Aide aux devoirs à domicile : « Les enfants doivent être au centre de nos réflexions »

À partir du 15 septembre, un nouveau concept d’aide aux devoirs à domicile sera introduit dans les maisons relais. Ce concept est-il prometteur ? Le woxx en a discuté avec deux expert-es de l’Université du Luxembourg.

Selon Débora Poncelet et Guy Medinger, les consignes des devoirs à domicile doivent être compréhensibles et réalisables par les élèves en toute autonomie. (CC0 Public Domain/pxhere.com)

woxx : Quel est le rôle pédagogique des devoirs à domicile ? Et comment ce rôle évolue-t-il pendant la carrière scolaire d’un apprenant ?


Débora Poncelet : Selon une méta-analyse de 2017, quel que soit le niveau scolaire de l’apprenant, l’effet des devoirs à domicile sur les performances scolaires est significatif, mais faible pour un peu plus de 60 % des études considérées dans l’analyse. Cet effet n’évolue pas au cours de la carrière scolaire, il reste stable.

Guy Medinger : Les résultats dépendent cependant des études. Certaines ont trouvé que plus l’enfant est jeune, moins les devoirs à domicile vont lui servir. Plus les enfants avancent, par exemple au lycée, plus on constate que les devoirs leur sont utiles. À nos yeux, les devoirs à domicile sont un sujet intéressant pour le lycée.

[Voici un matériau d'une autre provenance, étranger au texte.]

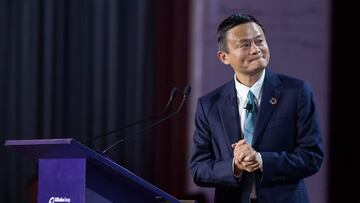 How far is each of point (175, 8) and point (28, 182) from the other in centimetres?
138

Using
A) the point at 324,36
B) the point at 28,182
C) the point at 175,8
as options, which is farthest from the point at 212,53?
the point at 28,182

DP : Ce qu’il faut prendre en considération, c’est le type de devoir. Dans les recherches dont on vient de parler, il est difficile de savoir de quel type de devoir il s’agit. On pourrait par exemple avoir des devoirs qui sont des répétitions de ce qu’on a vu en classe, mais il en existe aussi d’autres types. Par exemple des recherches à domicile sur une prochaine activité qu’on va travailler ensemble en classe. Dans ce cadre, on pourrait faire des interviews de voisins ou de ses parents sur une thématique donnée, notamment : « Comment vivais-tu l’école quand tu étais jeune ? » Dans la méta-analyse mentionnée plus haut, on constate que si un peu plus de six études sur dix mettent en évidence des associations positives entre les devoirs et les performances scolaires, d’autres recherches montrent des effets différents selon le cours considéré, et d’autres encore n’observent aucun effet significatif.

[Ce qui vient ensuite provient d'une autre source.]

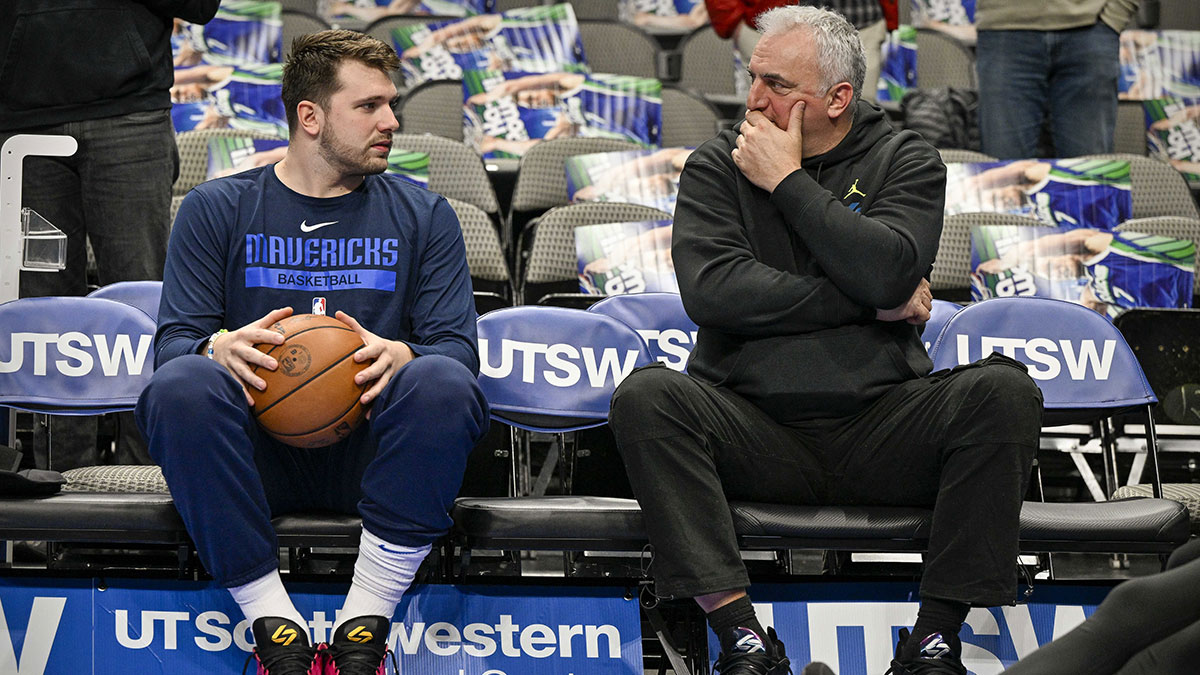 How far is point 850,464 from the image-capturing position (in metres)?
2.62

GM : En effet, la façon de donner des devoirs et le type de devoirs sont très importants. Il est évident qu’il faut corriger le devoir à domicile et donner systématiquement un feedback ou un feedforward aux enfants.

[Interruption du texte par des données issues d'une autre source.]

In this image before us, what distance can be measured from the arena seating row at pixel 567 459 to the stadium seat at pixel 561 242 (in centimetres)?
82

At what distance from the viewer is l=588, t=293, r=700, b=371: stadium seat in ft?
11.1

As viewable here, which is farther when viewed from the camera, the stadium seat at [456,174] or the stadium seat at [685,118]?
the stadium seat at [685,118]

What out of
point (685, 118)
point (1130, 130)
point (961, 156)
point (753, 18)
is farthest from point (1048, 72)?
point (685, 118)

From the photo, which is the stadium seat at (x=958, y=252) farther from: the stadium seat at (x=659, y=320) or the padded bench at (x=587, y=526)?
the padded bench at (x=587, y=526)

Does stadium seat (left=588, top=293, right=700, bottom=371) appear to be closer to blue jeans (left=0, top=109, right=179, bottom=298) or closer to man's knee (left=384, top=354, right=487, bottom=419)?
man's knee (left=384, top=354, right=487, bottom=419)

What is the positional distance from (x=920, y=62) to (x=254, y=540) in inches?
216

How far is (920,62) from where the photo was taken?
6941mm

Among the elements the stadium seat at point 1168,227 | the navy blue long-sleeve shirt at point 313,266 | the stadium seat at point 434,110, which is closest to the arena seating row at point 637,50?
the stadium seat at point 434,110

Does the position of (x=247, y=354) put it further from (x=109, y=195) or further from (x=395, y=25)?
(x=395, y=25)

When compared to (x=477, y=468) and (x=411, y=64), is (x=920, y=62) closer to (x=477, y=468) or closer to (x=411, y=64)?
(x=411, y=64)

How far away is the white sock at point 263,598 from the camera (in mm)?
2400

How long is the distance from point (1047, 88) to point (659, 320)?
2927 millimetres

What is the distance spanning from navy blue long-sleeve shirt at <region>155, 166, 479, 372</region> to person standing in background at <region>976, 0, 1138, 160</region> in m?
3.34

Quels pourraient être d’autres critères importants à considérer pour augmenter les bénéfices des devoirs à domicile ?


Débora Poncelet est professeure associée en sciences de l’éducation et psychologie au département « éducation et travail social » à l’Université du Luxembourg. Dans ses recherches, elle se concentre surtout sur la relation entre l’école et la famille et sur l’implication des parents dans l’éducation de leurs enfants.
 (Copyright : privé)

DP : Lorsqu’un enseignant planifie un devoir à domicile, il doit réfléchir à l’objectif de ce devoir. Il faut que celui-ci soit significatif aux yeux des apprenants et soit cohérent par rapport aux activités d’apprentissage qui ont été réalisées en classe. Ensuite, il est important de ne pas donner des devoirs qu’on n’aurait pas envie de faire soi-même. De plus, la consigne doit être compréhensible pour l’enfant. Un des grands critères des devoirs à domicile est que l’enfant puisse les réaliser en toute autonomie. Le parent peut être un garant, mais il ne s’agit pas de faire l’école à la maison. L’enseignant doit également veiller à ce que la durée de la tâche à domicile ne soit pas trop importante. Pour l’enfant qui a déjà eu une journée scolaire, réaliser un travail qui va prendre beaucoup de temps, ça peut être compliqué. Surtout pour les enfants qui ont peut-être plus de difficultés. Ça peut amener à un niveau de saturation et ça pourrait alors accroître encore les différences entre les élèves, ce qu’on ne souhaite évidemment pas.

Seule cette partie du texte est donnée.